Ask Chelsea fans their favourite ever season and they will probably say 2004/2005, when Jose Mourinho arrived and set fire to the Red Cartel. The combination of his magnetism and it being the first Premier League title makes it very difficult to even consider an alternative.

Carlo Ancelotti probably doesn’t even want them to – he’s an unfussy winner, and led Chelsea to their first ever domestic double playing some brilliantly attacking football that saw them score the most goals in a Premier League season (103), including eight on the final day against Wigan to see off the challenge of Manchester United.

Neither Zhirkov nor Matic scored a goal – with the latter leaving for Benfica before coming back as the dominant midfielder we later saw in Mourinho’s second spell – Sturridge got five, and not a sausage from Turnbull.

 

Tottenham: 2018/2019
n/a

Just imagine the smug grin on Daniel Levy’s face had they beaten Liverpool in that diabolically bad Champions League final after spending literally nothing in the summer.

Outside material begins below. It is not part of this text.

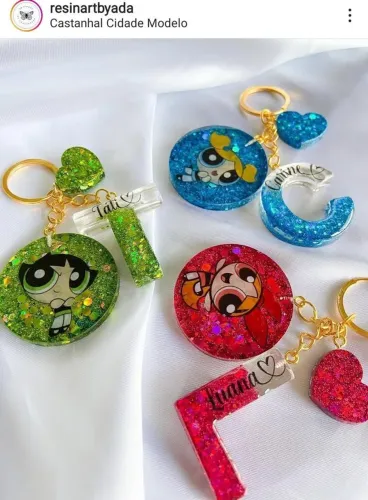 Chaveiros personalizados de resina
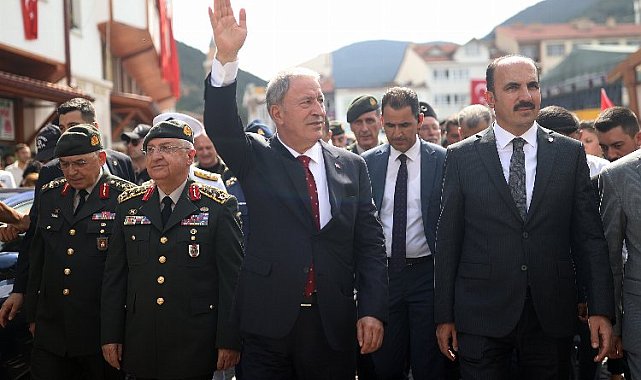 Bakan Akar 'Onur Günü' etkinliklerinde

‘What’s that Mauricio, you want £60m for Tanguy Ndombele? Don’t need him, mate.’ Would have been a good call as it turned out with Poch out on his ear in November and Jose Mourinho arriving to fat-shame Ndombele and call the rest of the Spurs squad Specialists In Failure or something equally motivational.

But they were good when they signed no one. Man City, Ajax, remember all that? Yeah. Lovely.

 

Liverpool: 2019/2020
Sepp van den Berg (£4m, PEC Zwolle), Adrian (free, West Ham,), Andy Lonergan (free, Middlesbrough), Harvey Elliott (Fulham, £1.5m)

“We have solutions for all the situations,” Klopp said when asked at the end of the transfer window about his side’s relative inactivity. Not half.

Liverpool went unbeaten and won 26 of their first 27 Premier League games of the season to give themselves a huge lead at the top of the table that Manchester City got nowhere clawing back, with the Red finishing 18 points clear of Pep Guardiola’s side come the end of the campaign.

Adrian played his part, with Liverpool winning all 11 games he subbed in for the injured Alisson, but neither Van den Berg nor Lonergan made a Premier League appearance and Elliott made just two.

 

Chelsea: 2019/2020
Mateo Kovacic (£40m, Real Madrid)

They qualified for the Champions League under Frank f***ing Lampard.